BEGIN RECORDS SHOWN

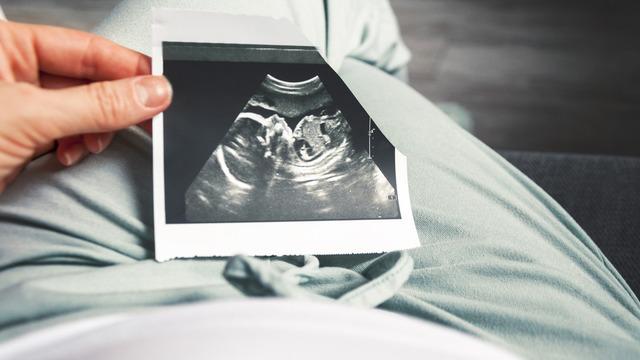 1 haftalık gebelikte beta hCG değeri kaç olmalı? 1 haftalık gebelikte kan testi beta hCG değerleri kaçtır, hamilelikte kan testi nasıl yapılır?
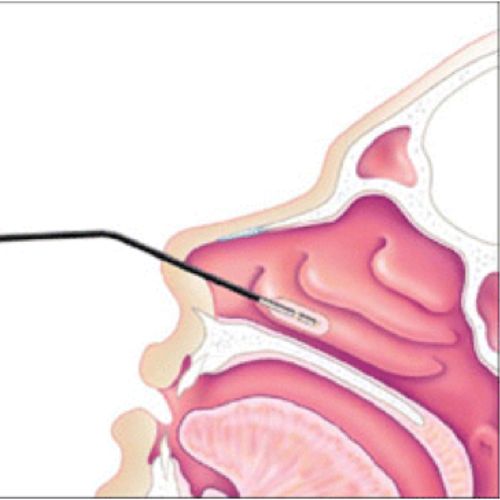 Horkolás - Fül-orr-gége Központ
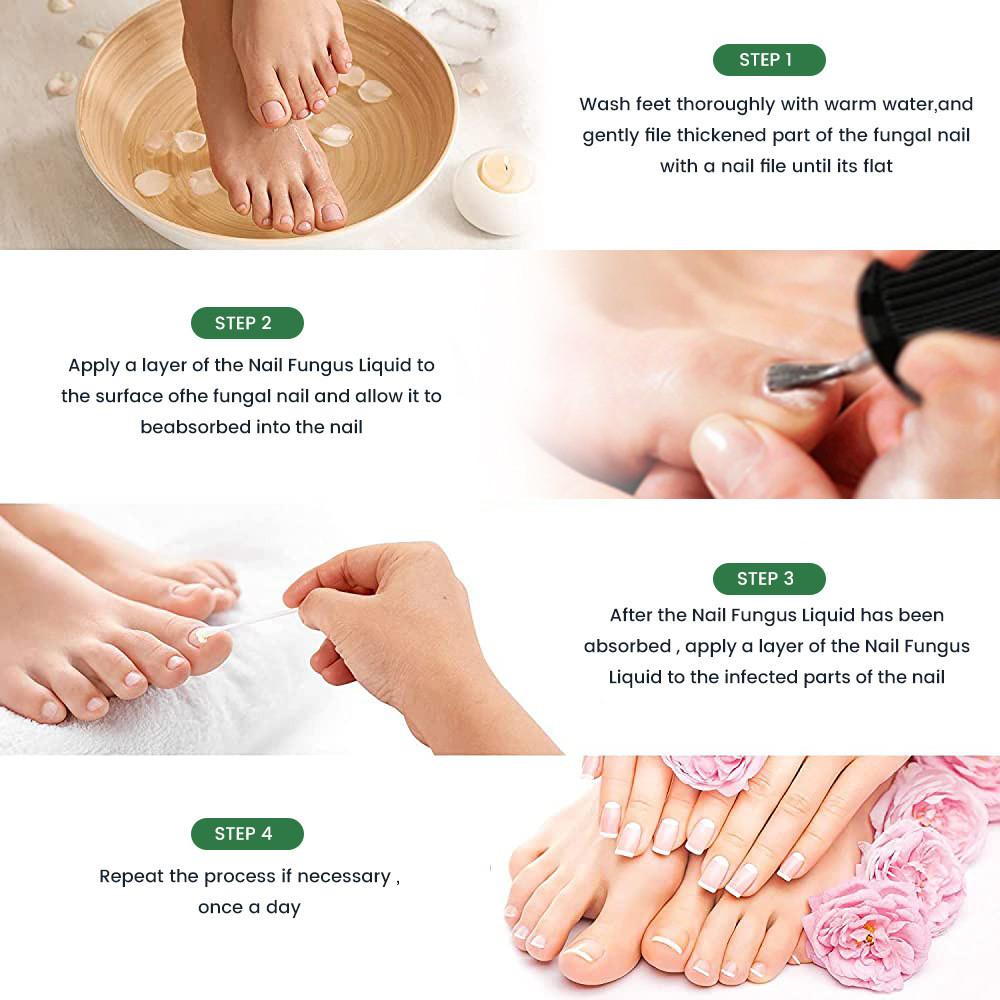 Sumifun Nail Care Ointment With Soothing Formula For Foot And Hand Maintenance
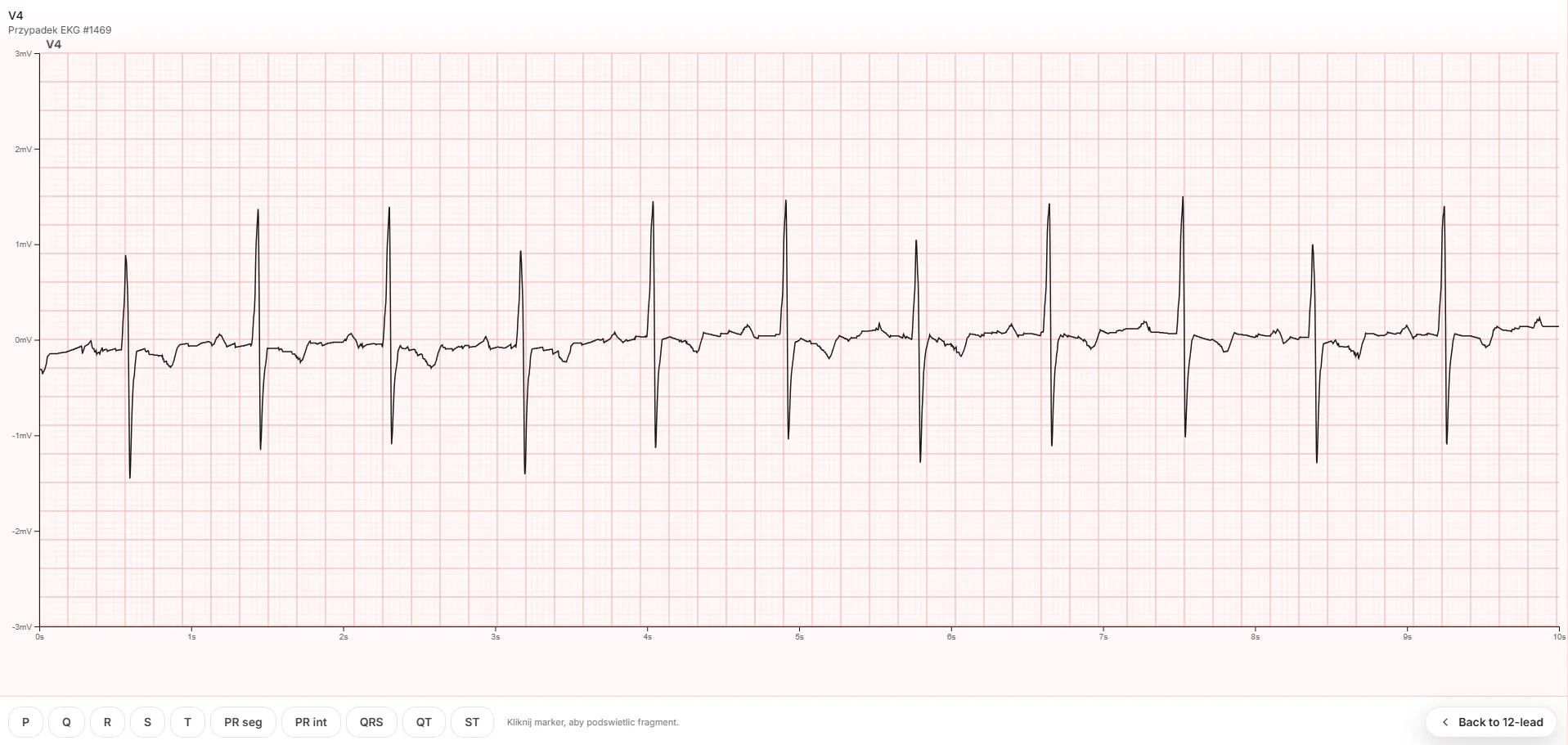 EKG Tutor - Progress Tracking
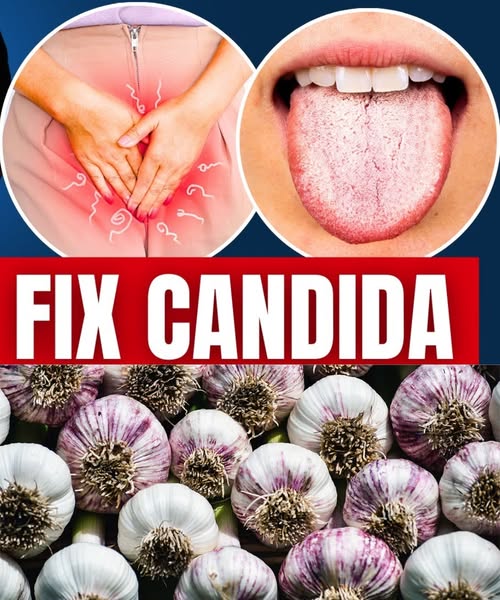 Say Goodbye to Candida: 8 Natural Remedies That Help Cure It for Good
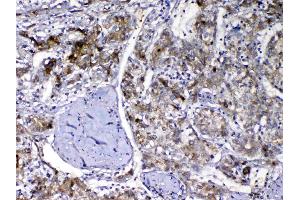IHC analysis of Vitamin D Binding protein using anti-Vitamin D Binding protein antibody .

END RECORDS SHOWN

## WORK ORDER
From the line containing "Horkolás - Fül-orr-gége Központ" through the final line of the listing above, reproduce every line exactly, with no pictures.

## THE ANSWER
 Horkolás - Fül-orr-gége Központ
 Sumifun Nail Care Ointment With Soothing Formula For Foot And Hand Maintenance
 EKG Tutor - Progress Tracking
 Say Goodbye to Candida: 8 Natural Remedies That Help Cure It for Good
IHC analysis of Vitamin D Binding protein using anti-Vitamin D Binding protein antibody .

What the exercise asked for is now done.